LAS VEGAS—Citing pent-up construction demand and positive economic indicators, Portland Cement Association chief economist Edward Sullivan said on the first day of this year's World of Concrete show that he expects to see a 5% growth in portland cement consumption in 2016, with a further 5.7% growth in 2017. This is an improvement over the growth rate from 2015, which was only 3.5%.

“These are the latest numbers from our November forecast, which didn’t include the effects of the FAST Act,” said Sullivan, citing the importance of the recent multiyear, federal transportation bill to the public construction sector. “That spending will help overcome the effects of inflation, and also offset the drag due to lower oil prices. The FAST Act should be praised.”
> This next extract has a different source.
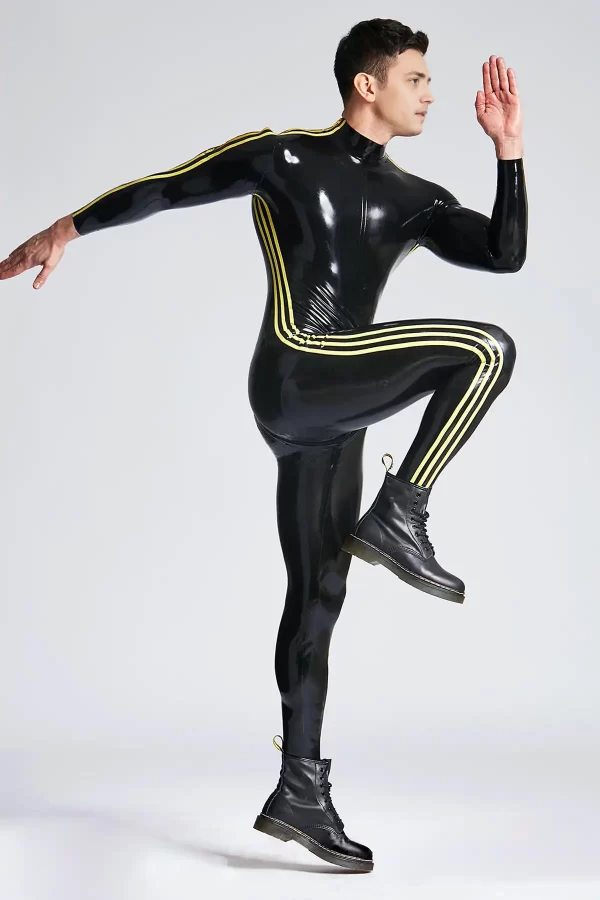 Latex Male Triple-Striper Shoulder-Zipper Catsuit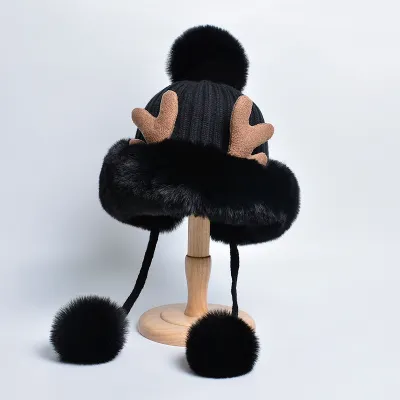 Autumn Winter Fashion Plush Antler Knitted Hat Accessories Hats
Sullivan gave his forecast at this year's World of Concrete, held Feb. 2-5 at the Las Vegas Convention Center. While the overall forecast was positive, Sullivan cautioned that there were some signs that may cause PCA to revise its forecast when its updated in March.

A drop in oil prices and a economic slowdown in China are possible headwinds for the construction sector, he commented. The effects of low oil prices have not been fully seen in the cement industry. Lower fuel costs frees up funds that might otherwise be spent on materials, but the decline in oil production will have short-term negative impacts on cement demand. A drop in oil has not yet translated into a drop in asphalt costs, Sullivan said, adding that he expects concrete paving to remain competitive for the near future.
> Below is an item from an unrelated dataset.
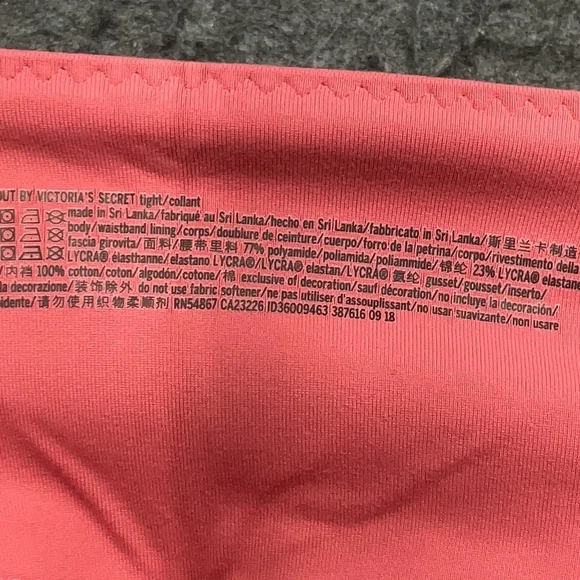 Victoria's Secret Coral High-Waisted Leggings Criss Cross Open Leg Size Large - Picture 3 of 5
But a rise in construction may not directly correlate to a rise in the cement market. “Real construction activity grew 6.1%, but cement consumption is only up 3.8%,” said Sullivan. “The only reason for this is that the cement intensity per dollar of construction has declined." According to Sullivan, a decline in cement intensity can be an indicator of retrenchment, or negative growth. "It's concerning. It's usually kind of an advanced indicator. It doesn't always work that way, and we don't think it will work that way in 2016. But is does have a track record of that," he explained.

Sullivan also noted a possible negative indicator from some recent reports from Dodge Data & Analytics. “There has been a dramatic decline in the Dodge contracting awards for the last six months,” noted Sullivan. “If there is something happening in the market to suggest a retrenchment, we should be concerned if non-residential construction has slipped.”

“But are the fundamentals otherwise sound? I’d say yes,” he concluded.